Voici l’argument de la conférence :
Logiciels libres et Open Source ; projets collaboratifs comme Wikipédia ou Open Street Map ; œuvres culturelles partagées sous licence Creative Commons : autant d’exemples de Communs numériques qui ont aujourd’hui une importance significative. Certaines analyses présentent également le réseau Internet lui-même dans sa globalité comme un Commun. Néanmoins, ces différents objets sont aussi souvent décrits comme des Communs « immatériels », « informationnels » ou « de la Connaissance », par opposition à des Communs (dits) « naturels », « matériels » ou « environnementaux » (pâturages, forêts, systèmes d’irrigation, pêcheries, etc.). Cette dichotomie paraît justifiée par des caractéristiques différentes qui opposent ces types de ressources, mais on peut aussi y entendre un écho du « Grand Partage » entre Nature et Culture, remis en cause dans les travaux de Bruno Latour, et notamment dans son ouvrage « Où atterrir ? Comment s’orienter en politique » paru en 2017.
Pourtant, les travaux fondateurs d’Elinor Ostrom (prix Nobel d’économie 2009) et de Charlotte Hess sur les Communs de la connaissance présentaient l’intérêt de ne pas opérer ce type de séparation, car ils prenaient en compte la dimension matérielle des Communs de la connaissance (tout comme d’ailleurs le rôle du partage des connaissances dans les Communs naturels). Mais ces enseignements ont fini par être oubliés au profit d’une conception désincarnée des Communs numériques, peu à peu réduits à leur dimension purement informationnelle.
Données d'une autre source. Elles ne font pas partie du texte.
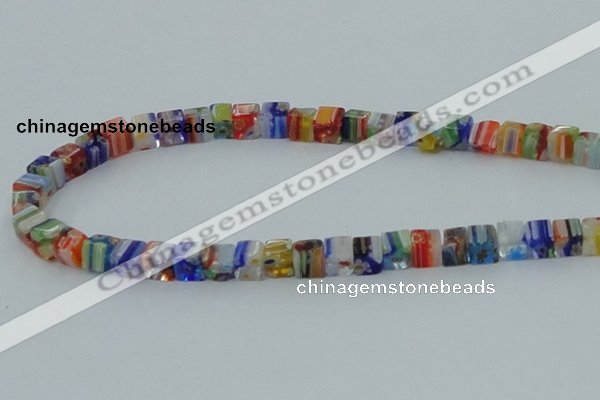 CLG562 16 inches 6*6mm cube lampwork glass beads wholesale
Une autre généalogie des Communs numériques passe en effet par la contre-culture américaine des pionniers de l’Internet qui a conduit à les envisager comme des « Communs intangibles de l’esprit » (James Boyle) flottant dans l’éther du Cyberespace conçu comme un territoire séparé du monde des corps et de la matière. Suivant les propositions de Bruno Latour, il importe aujourd’hui de sortir de cette pensée dualiste pour « faire atterrir » les Communs numériques, en appréhendant l’information et la connaissance comme inséparables des infrastructures et des objets matériels permettant leur production et leur circulation, y compris sur un réseau comme Internet.
Ce changement de perspective constitue même une urgente nécessité pour parvenir à penser des Communs numériques qui ne seraient plus « hors-sol », mais au contraire enracinés dans le Terrestre, en cessant de dissocier les enjeux d’émancipation des humains des questions écologiques que les périls de l’Anthropocène nous imposent de regarder en face.
J’ajoute ci-dessous le support sur lequel je me suis appuyé pour l’intervention, qui comporte de nombreux schémas permettant de mieux visualiser le propos, ainsi que les liens vers les références citées.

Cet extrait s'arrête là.